GOÄ 3208 in der Praxis: Indikationen und klinische Anwendung
Die Rückverlagerung eines Stomas ist ein häufiger chirurgischer Eingriff, der nach erfolgreicher Ausheilung der zugrundeliegenden Erkrankung durchgeführt wird. Die GOÄ 3208 kommt primär dann zum Einsatz, wenn ein doppelläufiger Anus praeter vorliegt, bei dem lediglich die Vorderwand des Darms verschlossen werden muss.
Ein weiteres wichtiges Einsatzgebiet ist der operative Verschluss einer zuvor angelegten Coecalfistel. Laut den offiziellen Anmerkungen zur GOÄ ist diese Analogie explizit vorgesehen, wobei eine Abrechnung nach der niedriger bewerteten Ziffer 3202 (Fistelverschluss) in diesem Fall ausgeschlossen ist.
Abzugrenzen ist die Ziffer 3208 von Eingriffen, bei denen eine Kontinuitätsunterbrechung des Darms eine Resektion erfordert. Sobald ein Darmabschnitt entfernt und eine neue End-zu-End-Anastomose geschaffen werden muss, ist die Ziffer 3208 nicht mehr zutreffend.
Typische Praxisbeispiele für die GOÄ 3208
Fallbeispiel 1: Rückverlagerung eines doppelläufigen Ileostomas
Ein Patient stellt sich zur geplanten Rückverlagerung eines temporären, doppelläufigen Ileostomas vor. Der Operateur löst das Stoma aus der Bauchwand, frischt die Ränder auf und verschließt die Vorderwand mittels einer zweireihigen Darmnaht.
Da keine Darmresektion notwendig war, erfolgt die Abrechnung korrekt nach GOÄ-Ziffer 3208 zum Regelsatz (2,3-fach).
Fallbeispiel 2: Verschluss einer operativ angelegten Coecalfistel
Nach erfolgreicher Sanierung einer distalen Passagebehinderung wird eine entlastende Coecalfistel operativ verschlossen. Der Chirurg präpariert die Fistel und verschließt den Defekt im Bereich des Blinddarms mit einer Darmwandnaht.

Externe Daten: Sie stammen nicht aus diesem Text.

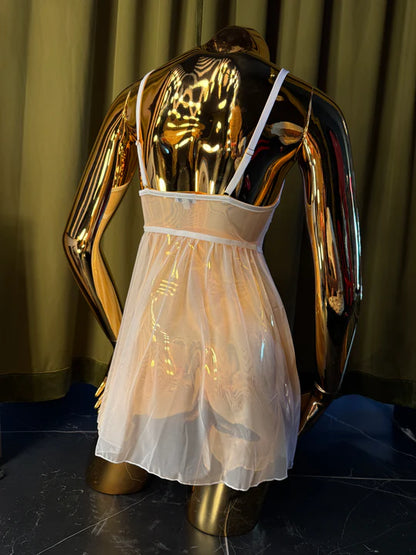 16207 KILO BRAVA EMBROIDERY BABYDOLL: WHITE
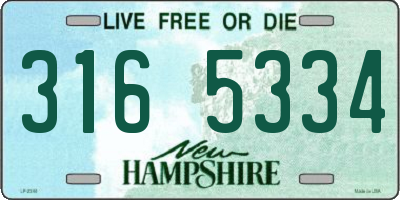 NH license plate 3165334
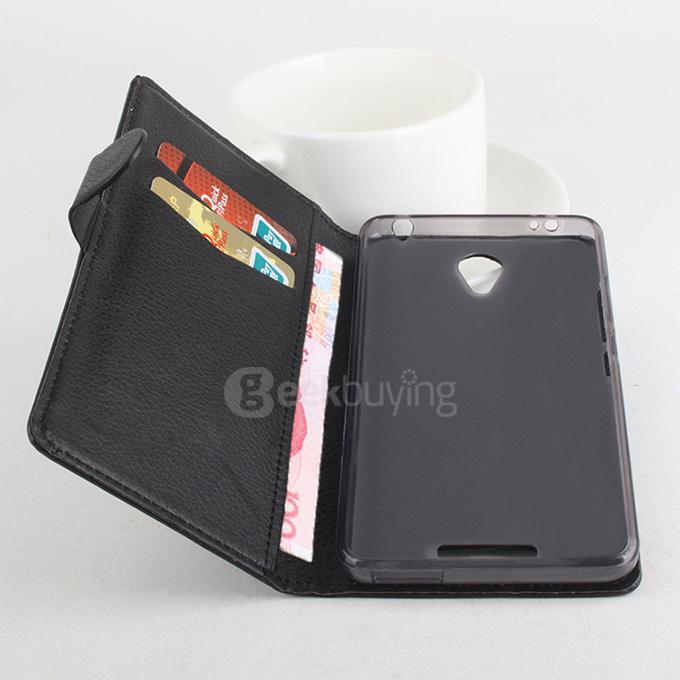 Litchi Texture Protective Hard Cover Flip Stand Leather Case for XIAOMI Redmi Note 2 Smartphone - Black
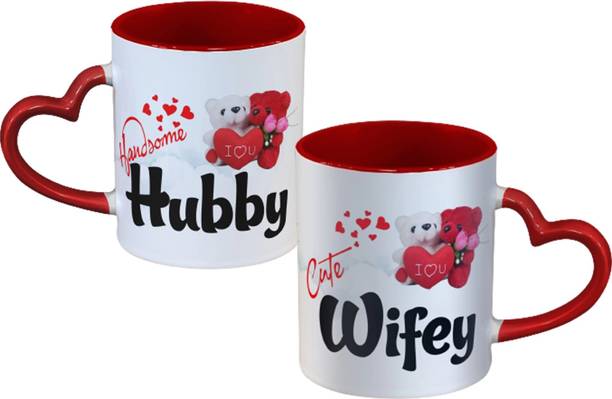 JAIPURART Wifey Hubby for Husband, Wife On Anniversary,Birthday Red Heart Handle सिरेमिक मग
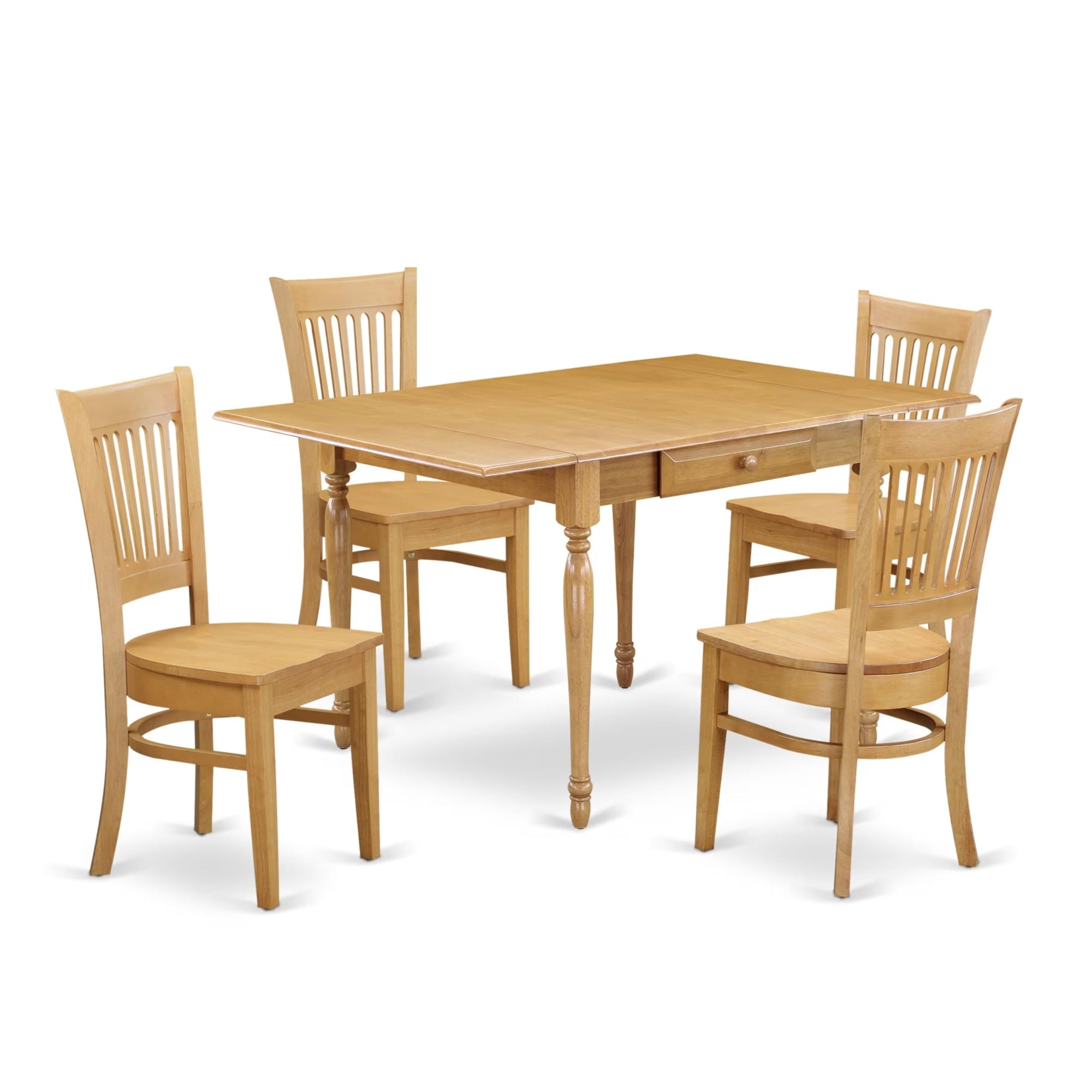Casafoyer Mzva5-Oak-W 5 Piece Modern Dining Table Set Includes A Rectangle Wooden Table With Dropleaf And 4 Kitchen Dining Chairs, 36X54 Inch, Oak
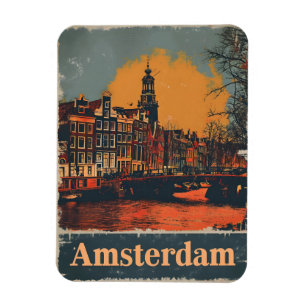 Imán Canal Charm: La tarjeta postal antigua de Amsterda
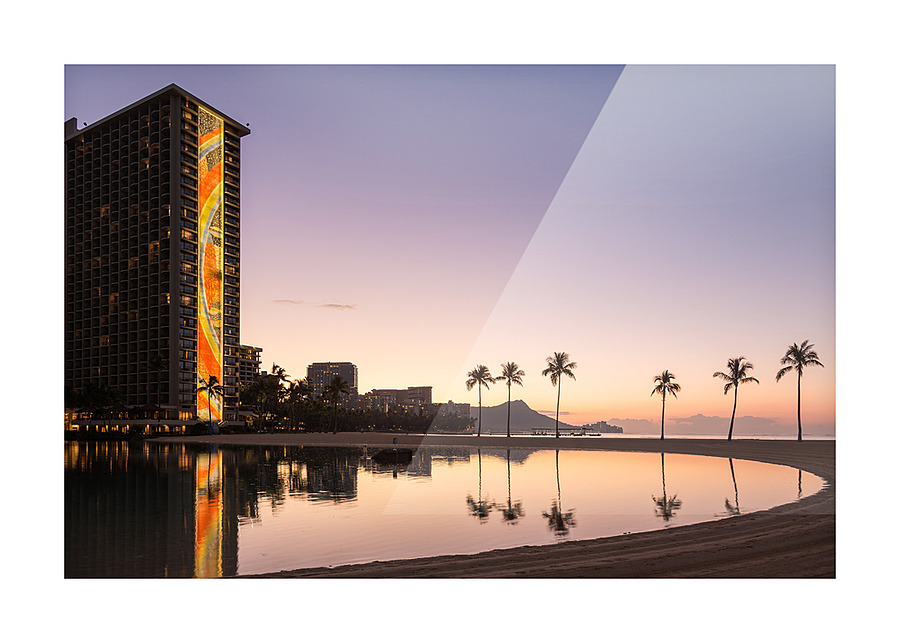 Newly restored tiling mural on Rainbow Tower Picture Frame print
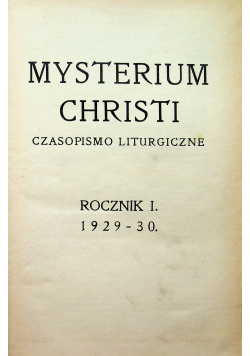 Mysterium christi ok. 1930 r.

Die Abrechnung erfolgt analog nach GOÄ 3208. Eine Abrechnung nach der Ziffer 3202 ist hierbei nicht zulässig, da die Spezialziffer 3208 vorzuziehen ist.
Fallbeispiel 3: Rückverlagerung eines endständigen Stomas mit Laparotomie
Bei einem Patienten mit einem endständigen Descendostoma wird die Bauchhöhle mittels Laparotomie eröffnet, um das Stoma zu mobilisieren und zurückzuverlagern. Der Verschluss erfolgt mittels Darmnaht ohne Resektion.
In diesem Fall wird die GOÄ 3208 für den Verschluss berechnet. Zusätzlich kann die GOÄ-Ziffer 3168 für die Durchführung der Laparotomie angesetzt werden.
Häufige Fehler bei der GOÄ 3208: Was Prüfer beanstanden
Ein häufiger Fehler in der Abrechnungspraxis ist die fehlerhafte Abgrenzung zur GOÄ-Ziffer 3209. Wenn während des Eingriffs festgestellt wird, dass ein Darmsegment resiziert werden muss, darf nicht die 3208, sondern muss die GOÄ-Ziffer 3209 abgerechnet werden.
Private Krankenversicherungen und Beihilfestellen prüfen zudem genau, ob bei einer zusätzlichen Abrechnung der Laparotomie (GOÄ 3168) die medizinische Notwendigkeit im OP-Bericht klar hervorgeht. Eine rein lokale Präparation ohne Eröffnung der freien Bauchhöhle rechtfertigt die Ziffer 3168 nicht.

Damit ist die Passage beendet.